Trotzdem: das mit der Discount-Kultur gefällt mir nicht. Wie sagte RaboBank Foodanalyst Arend Heijbroek im Gespräch beim Wein-Blogger Roundtable in Hamburg: „Deutschland gehört Lidl und Aldi. Da machen alle internationalen Anbieter ein großen Bogen drum herum, wenn sie können. Dort bekommen sie den schlechtesten Preis für ihr Produkt.“ Und liefern  entsprechende Qualität, wenn sie liefern müssen, um im Geschäft zu bleiben. Allen Beteuerungen zum Trotz. Wer Discount-Preise will, muss mit Discount-Kultur leben!

6 Kommentare

  1. In Frankreich hat sich gerade Jean-Pierre Coffe, lange Zeit der Pabst für authentische und regionale Produkte in den Medien, mit einer Werbekampagne für den hard discounter Leader Price hervorgetan und damit wohl sein Image in den Medien nachhaltig beschädigt … ob es dann den Verkaufszahlen für seine „billig Preis Kits“ dort Abbruch tun wird, bleibt noch abzuwarten….

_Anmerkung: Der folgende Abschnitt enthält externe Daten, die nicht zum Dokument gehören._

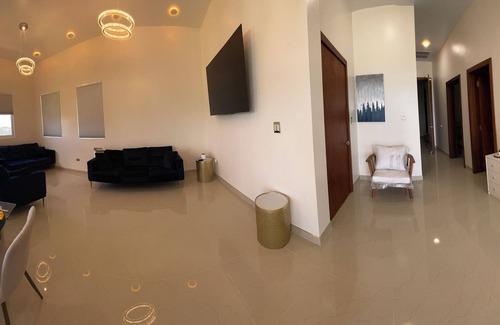 Parham Town Apartment | Spacious 3-bedroom apartment with WiFi, AC in tranquil Tortola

  2. ja, ich denke das es für diese Köche schon ums Geld geht was angeboten wird, bedenke man z.Bsp. das Horst Lichter für Maggi wirbt, glaube ich kaum das er diese Produkte für seine Küche einsetzt. Was die Winzer betrifft, sehe ich diese in einer auswegslosen Krise die Absätze brechen weg, keine neuen Perspektiven und wenn sich ein bekannter Discounter dann anbietet, pfeift man eben aufs Image, Hauptsache es kommt etwas Kohle rein. Gerechtfertigte Preise ab Weingut für Ihre Weine können Sie dann eben nicht mehr durchsetzen, sie haben das Aldiimage weg und das ist eben billig billig billig, so sehe ich das. Zu der Bio Wein Geschichte hatte ich mich ja schon im Blog bei Herrn Günther http://www.weinverkostungen.de geäußert was man aber doch aus irgendwelchen Gründen nicht nicht öffentlich gemacht bzw. vielleicht auch vergessen hat. Wer wirklich glaubt das man Weine zu Preisen 1,99 € , 2,49 € oder auch 3,49 € aus ökologischem Anbau bekommt, der irrt gewaltig. Soviele Bioproduzenten sind gar nicht am Markt die auch noch zusätzlich den Discountermarkt vollständig abdecken könnten. Solange es keine klare gesetzliche Regelung für echte Bioprodukte gibt, wie es bsw. Demeter macht, kann der Handel nach Lust und Laune schalten und walten und so seine angeblichen Bioprodukte meist auch zu überteuerten Preisen dem Verbraucher das Geld aus der Tasche ziehen. Dem Beispiel des Cotes du Rhone nach scheint es ja noch gut zu klappen den meisten Verbrauchern ein X für ein U vorzumachen. Werden wir nicht doch schon genug verarscht allein durch diese Lebensmittelimitate ? Schon schade dieser Lug und Trug, aber hier mal ein Link für diejenigen die sich für eine Liste der Lebensmittelimitate interessieren http://www.vzhh.de/ und bei Suche Lebensmittelimitate eingeben.

    • @Klaus Ruckmich

      ich möchte hier nicht die Diskussion anfangen, was ist bio und was nicht. Da ich die Wege des Bio-Côtes-du-Rhône bei Aldi ganz gut kenne, kann ich sagen, dass er schon die Kriterien erfüllt. Traurig macht es mich aber doch, daß nicht Dennree oder Weiling oder wer auch immer, der sich für eine neue Beziehung zu unseren Lebensmitteln einsetzt, den Wein verkauft. Ebenso wie für Roys Weine, die eben nicht über den Fachhandel laufen.

      Ich habe den Wein heute probiert. OK. Mehr nicht. Und mehr kann (und darf) man nicht erwarten, wenn alles mit rechten Dingen zugeht. Übrigens mit VDP Kapsel: 6,99 €. Heute sagte mir jemand: Ist doch schön, wenn ich für zwei zusätzliche Durchgänge 3.000 Euro mehr bekomme. Da sag ich nicht nein. Ich bin doch nicht blöd.

      Genau. Und deshalb findet Essen und Trinken beim Discounter statt. Der Brecht würde heute vielleicht sagen: man hüte sich vor den Ländern, in denen Schweineschnitzel billiger ist als Hundefutter. Für mich ein klares Zeichen von Discount-Kultur.

  3. @ Michael W. Pleitgen betr. Ihr Kommentar #Genau an diesem Punkt bin ich genau derselben Meinung# Traurig macht es mich aber doch, daß nicht Dennree oder Weiling oder wer auch immer, der sich für eine neue Beziehung zu unseren Lebensmitteln einsetzt, den Wein verkauft. Ebenso wie für Roys Weine, die eben nicht über den Fachhandel laufen.